| DATASET EXTRACT |

*** Block opens ***

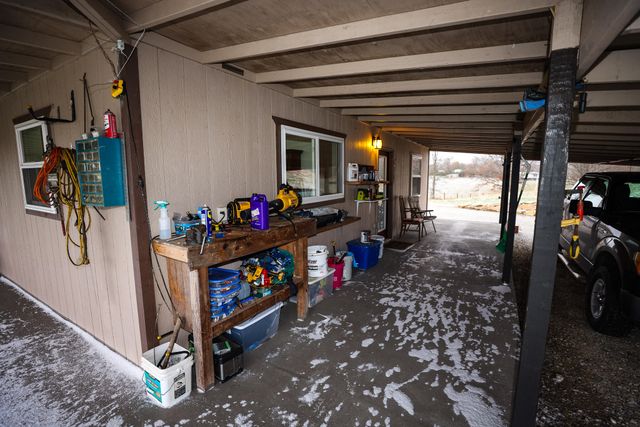 48 River Hill Road, East Bernstadt, KY 40729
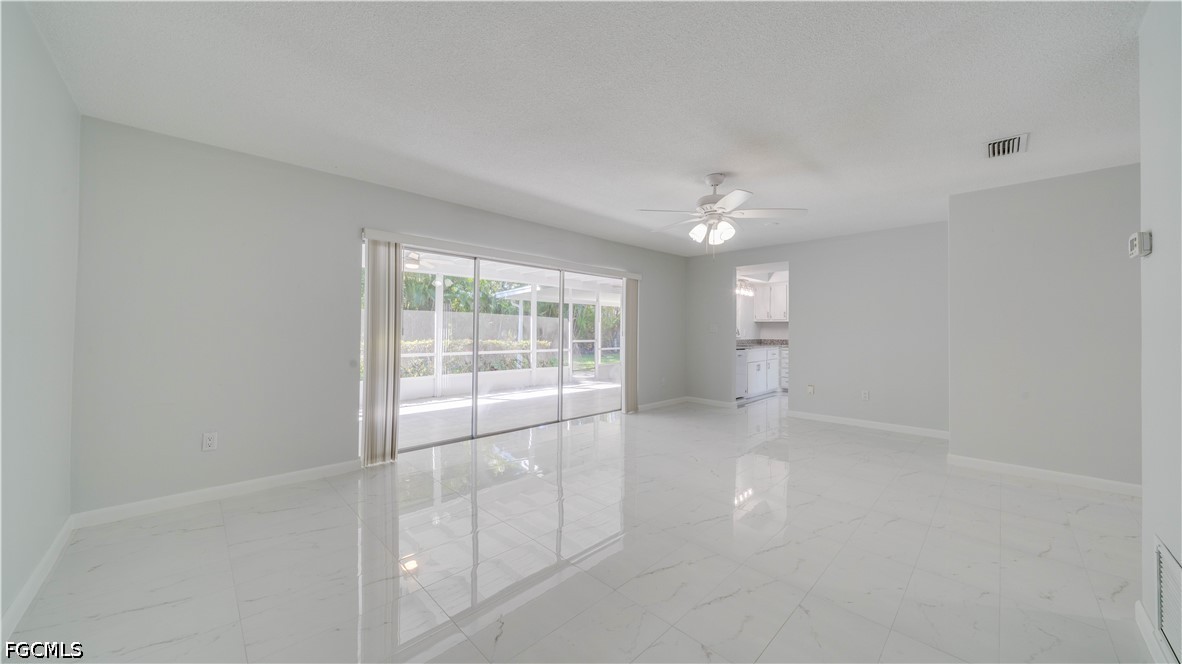 5657 Eichen Cir E Property Photo 9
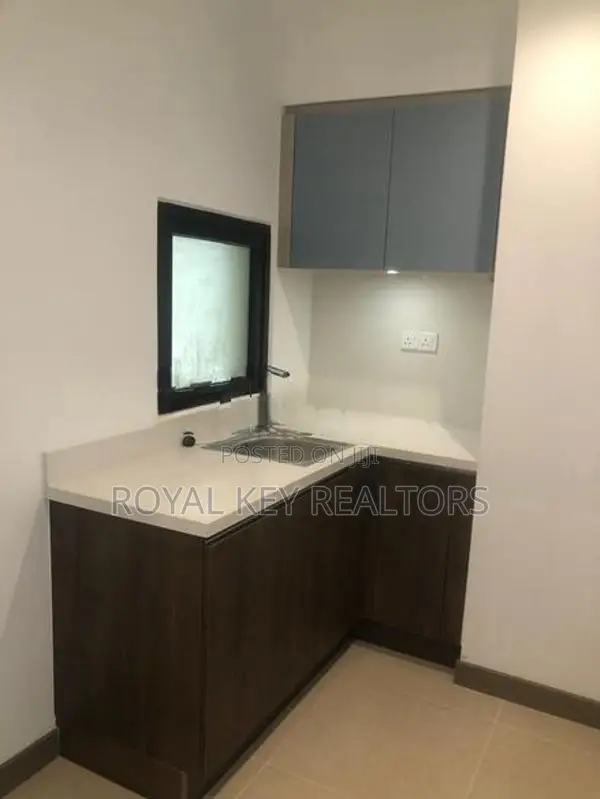 Marina Square – 02 Bedroom Unfurnished Apartment For Sale In Colombo 1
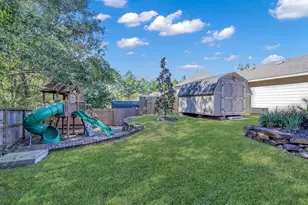 2458 S Bramlet Dr, Conroe, TX 77304 - Photo 37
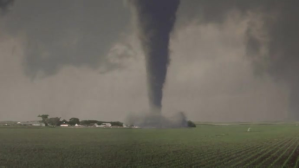 Brun Tornado in a village scary weather video YouTube-miniature Template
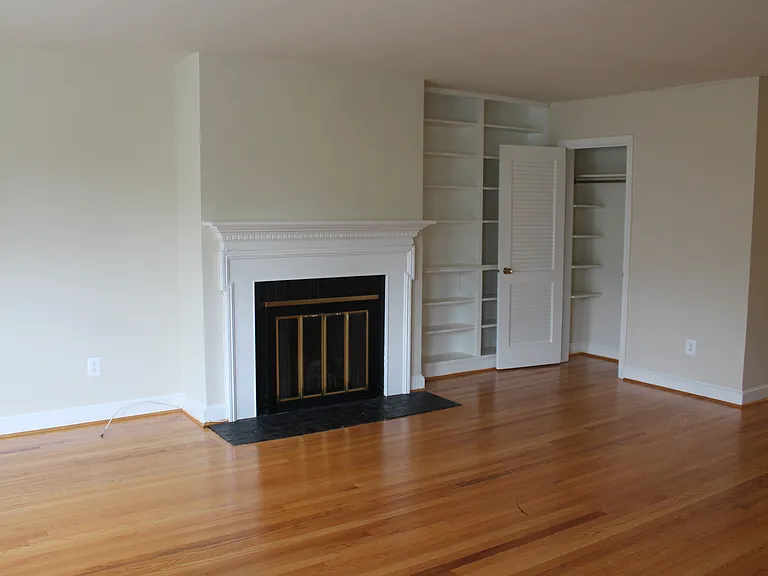 512 6th St SE #UP — Photo 5
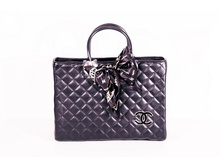 Chanel, �������, ���� 1 100�.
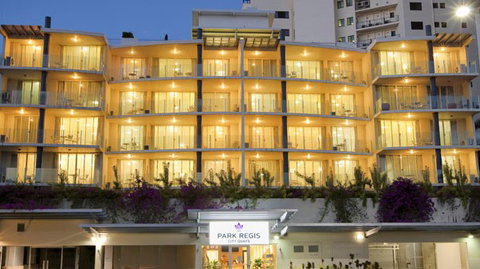 Park Regis City Quays - Airlie Beach Holiday 4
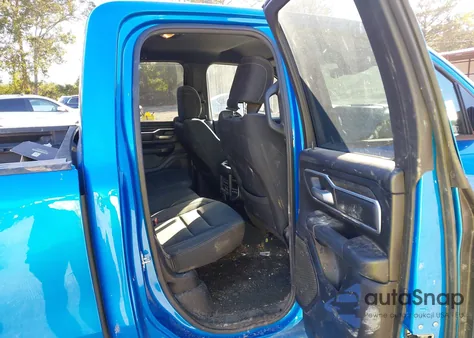 2022 Ram 1500 Big Horn 4X2 6'4 Box from USA, damaged, VIN 1C6RREBM4NN372405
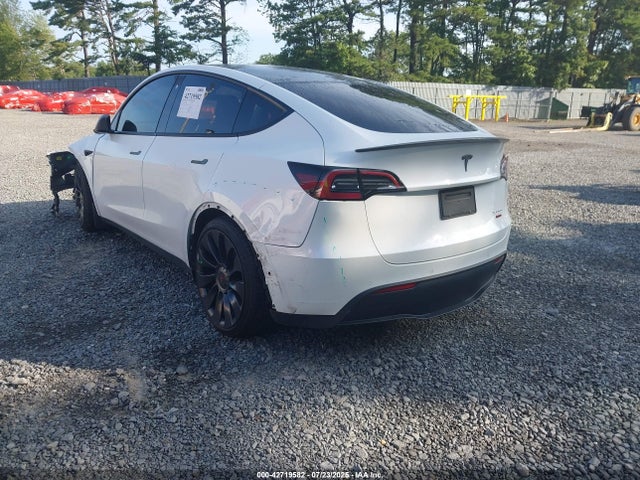 2022 TESLA MODEL Y 7SAYGDEF1NF523168 Photo 2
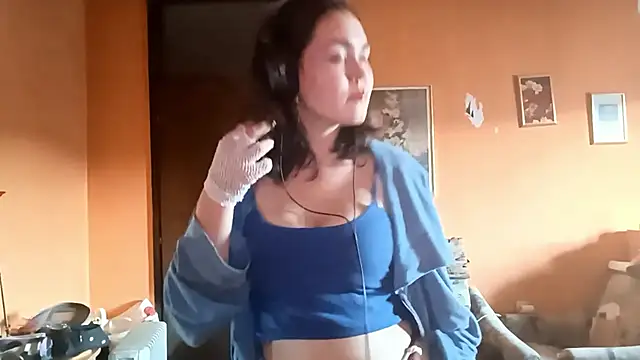 Snapshot of SalenaVanderhoff chatting on 10-15-25, 03:23 SalenaVanderhoff online show from 10-15-25, 03:23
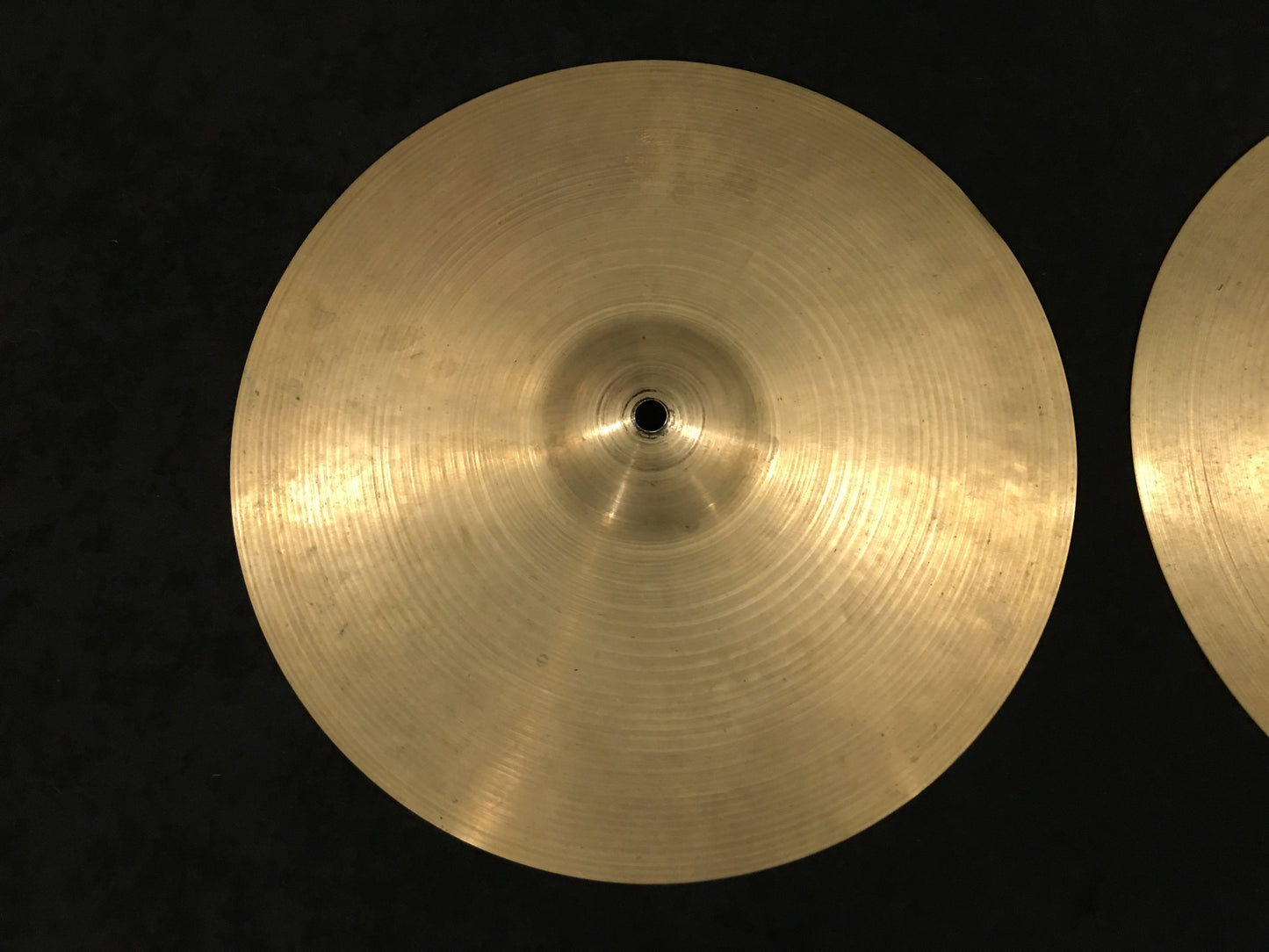 14" Zildjian A 1950's Thin Hi Hat Cymbals 652g & 660g # 210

*** Block closes ***

| WHAT NEEDS TO BE DONE |
Retype the whole listing above exactly as written. Skip the pictures.

| OUTPUT OF THE EXERCISE |
 48 River Hill Road, East Bernstadt, KY 40729
 5657 Eichen Cir E Property Photo 9
 Marina Square – 02 Bedroom Unfurnished Apartment For Sale In Colombo 1
 2458 S Bramlet Dr, Conroe, TX 77304 - Photo 37
 Brun Tornado in a village scary weather video YouTube-miniature Template
 512 6th St SE #UP — Photo 5
 Chanel, �������, ���� 1 100�.
 Park Regis City Quays - Airlie Beach Holiday 4
 2022 Ram 1500 Big Horn 4X2 6'4 Box from USA, damaged, VIN 1C6RREBM4NN372405
 2022 TESLA MODEL Y 7SAYGDEF1NF523168 Photo 2
 Snapshot of SalenaVanderhoff chatting on 10-15-25, 03:23 SalenaVanderhoff online show from 10-15-25, 03:23
 14" Zildjian A 1950's Thin Hi Hat Cymbals 652g & 660g # 210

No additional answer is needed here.